## Task description
Reproduce exactly the lines of this material that begin at the line with "Salteluta de joaca Sun Baby 036 Sunny Day" and end at the line with "Trek hybryd Dual Sport 2l Image 7", both included. Omit the pictures and everything else.

## Material for this exercise
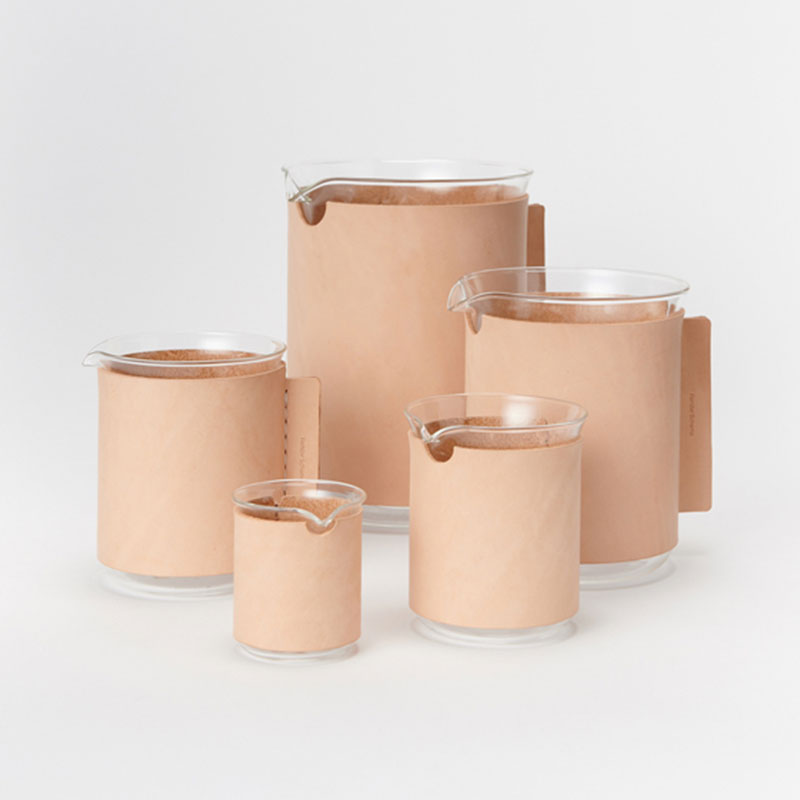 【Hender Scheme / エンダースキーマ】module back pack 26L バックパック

--

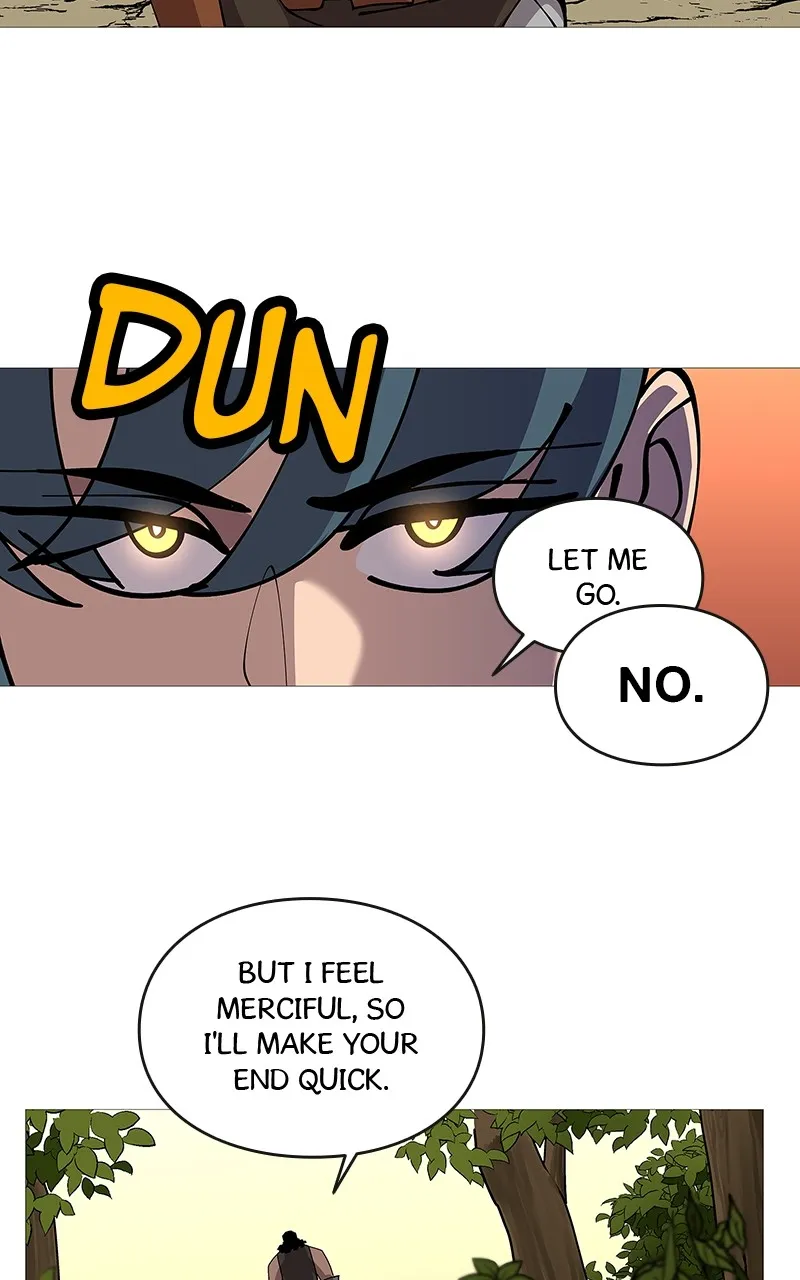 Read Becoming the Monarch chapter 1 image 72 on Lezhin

...

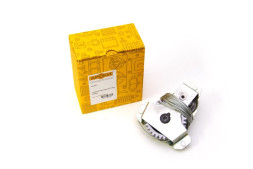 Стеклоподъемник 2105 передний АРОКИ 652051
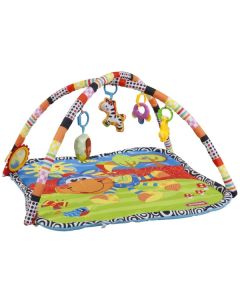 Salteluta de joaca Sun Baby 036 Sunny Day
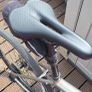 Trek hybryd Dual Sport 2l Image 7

## Answer to the problem
 Salteluta de joaca Sun Baby 036 Sunny Day
 Trek hybryd Dual Sport 2l Image 7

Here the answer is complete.